The star point guard has missed the last two games because of inflammation in both ankles and the team is fortunate this occurrence has coincided with the NBA All-Star break. The timing gives Williams an opportunity to get some extra rest.
It is obvious the team needs Williams to be a contender in the Eastern Conference. If he isn't at 100 percent, the Nets could feasibly be in for a very short stay.
If the playoffs began today, the Nets would take on the Chicago Bulls in the opening round. The Bulls would be a formidable opponent for the Nets without a healthy Williams, but they could easily knock them off sans their star.
The two teams have split their two regular season games this season. Both teams were victorious on their home courts, but the Bulls played the game in Brooklyn without Carlos Boozer and still only lost 93-89.
They were also without Derrick Rose for both games. Rose hasn't played since he tore his ACL in the first game of the playoffs last season, but there is still a chance he could return to play for the Bulls by the playoffs.

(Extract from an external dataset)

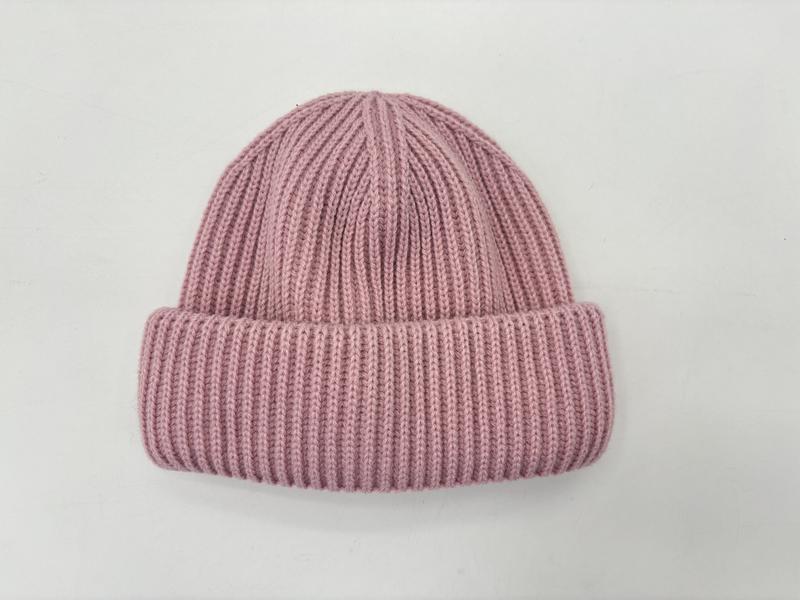 Bonnet hivernal rose poudré côtelé avec revers replié posé à plat sur fond blanc texture tricot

If he is uniform, the Nets would be in dire straits without Williams to offset his presence.
If getting Williams healthy for the stretch run means giving him more rest, then that is exactly what the team should do. The Nets should not sacrifice the long-term health of a player by putting him back on the court ahead of schedule if they hope to build around for him in the following month.
For an example of how problematic things can be for a point guard (and their respective team) with chronic ankle problems, look no further than Golden State's Stephen Curry.
Curry missed 40 games during the 2011-2012 season with ankle injuries.
The Nets can't afford a similar stint without Williams. He is the most important player on the roster due to his talent and the window to drawing other potential free agents such as Dwight Howard.
The Nets must preserve their most precious asset.